30th Sunday in Ordinary Time, Modern

Lectionary 150

The story of the Pharisee and the tax collector is not one of the more famous of our Lord’s parables, though it has long been a favorite of mine, in large part since it is depicted in a beautiful stained glass window in the abbey church where my brother monks and I pray each day. The window was made in the early 1900’s in Munich and shipped with all the others in our church to Latrobe, being installed in the transept of the church where the Blessed Sacrament is reserved.

Many of our stained glass windows are easily identifiable: the good Samaritan, the prodigal son, the Good Shepherd, the nativity, and so forth. However, only a few of the many visitors whom I have shown around the church have been able to recognize the window illustrating the important lesson from the Bible we hear today. The parable of the Pharisee and the tax collector is found only in St. Luke’s gospel, and is only read once every three years at Sunday mass, and on the Saturday of the third week of Lent each year.
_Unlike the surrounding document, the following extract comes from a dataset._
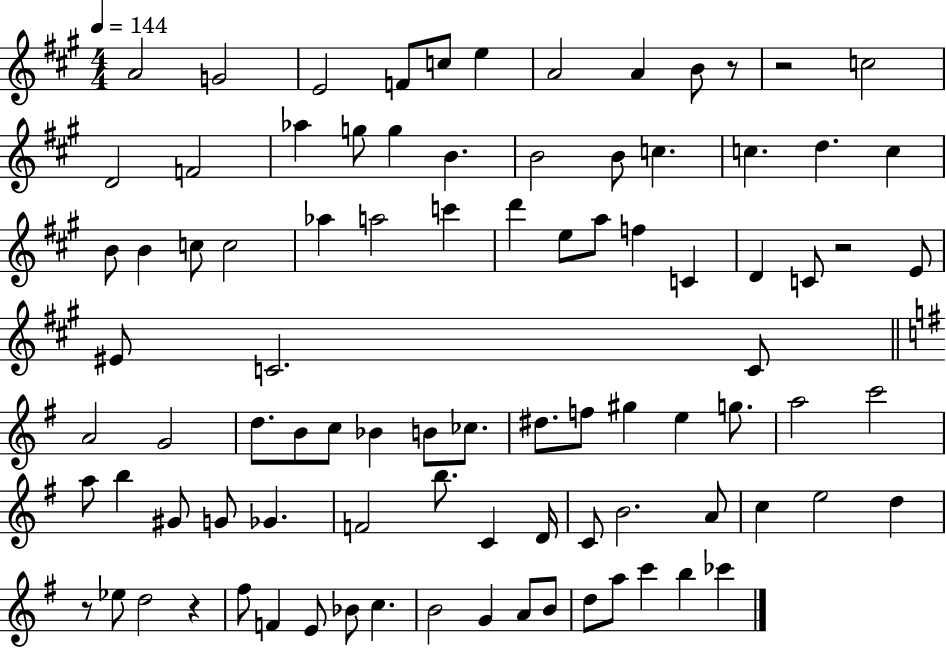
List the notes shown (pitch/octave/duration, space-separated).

A4/h G4/h E4/h F4/e C5/e E5/q A4/h A4/q B4/e R/e R/h C5/h D4/h F4/h Ab5/q G5/e G5/q B4/q. B4/h B4/e C5/q. C5/q. D5/q. C5/q B4/e B4/q C5/e C5/h Ab5/q A5/h C6/q D6/q E5/e A5/e F5/q C4/q D4/q C4/e R/h E4/e EIS4/e C4/h. C4/e A4/h G4/h D5/e. B4/e C5/e Bb4/q B4/e CES5/e. D#5/e. F5/e G#5/q E5/q G5/e. A5/h C6/h A5/e B5/q G#4/e G4/e Gb4/q. F4/h B5/e. C4/q D4/s C4/e B4/h. A4/e C5/q E5/h D5/q R/e Eb5/e D5/h R/q F#5/e F4/q E4/e Bb4/e C5/q. B4/h G4/q A4/e B4/e D5/e A5/e C6/q B5/q CES6/q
As is normally the case in our liturgies we are prepared for the gospel by the Old Testament reading and the Psalm; in the first reading from Sirach we are reminded that God judges justly and shows no favorites: “he is not unduly partial toward the weak, yet he hears the cry of the oppressed” (Sir 35:16). The Psalmist reinforces the notion that “the Lord hears the cry of the poor” (Ps 34:7). The first part of Sirach’s teaching, that God is not unduly partial to the weak, is expressed in the ancient manuscripts of this book through a colorful idiom literally meaning “to receive the face of a person”. We might think of a sly con artist smiling broadly and welcoming someone they only want to cheat out of some money—God does not put on such false shows. Nonetheless, God does receive the prayer of the poor, and in fact has a predisposition toward them: not in the dishonest way that a con artist affects, but in a genuine and loving recognition of their vulnerability and indeed a desire to be close to them in their humble state.

When it comes to the gospel we hear that the Pharisee approached the presence of the Lord in the Temple with arrogance and a sense of entitlement, saying to himself: “O God, I thank you that I am not like the rest of humanity—greedy, dishonest, adulterous—or even like this tax collector. I fast twice a week, and I pay tithes on my whole income” (Luke 18:11-12). He is essentially justifying himself before God, “smiling broadly” as I put it earlier and expecting that he can manipulate God by this public show of piety. The tax collector by contrast stands off in the distance and strikes his breast saying: “O God, be merciful to me a sinner” (Luke 18:13). The former was taken by pride and the mistaken notion that he could “win” the Lord’s approval by false piety, the latter understood properly that God shows no partiality, but is rich in mercy to those who revere him and who are humble of heart.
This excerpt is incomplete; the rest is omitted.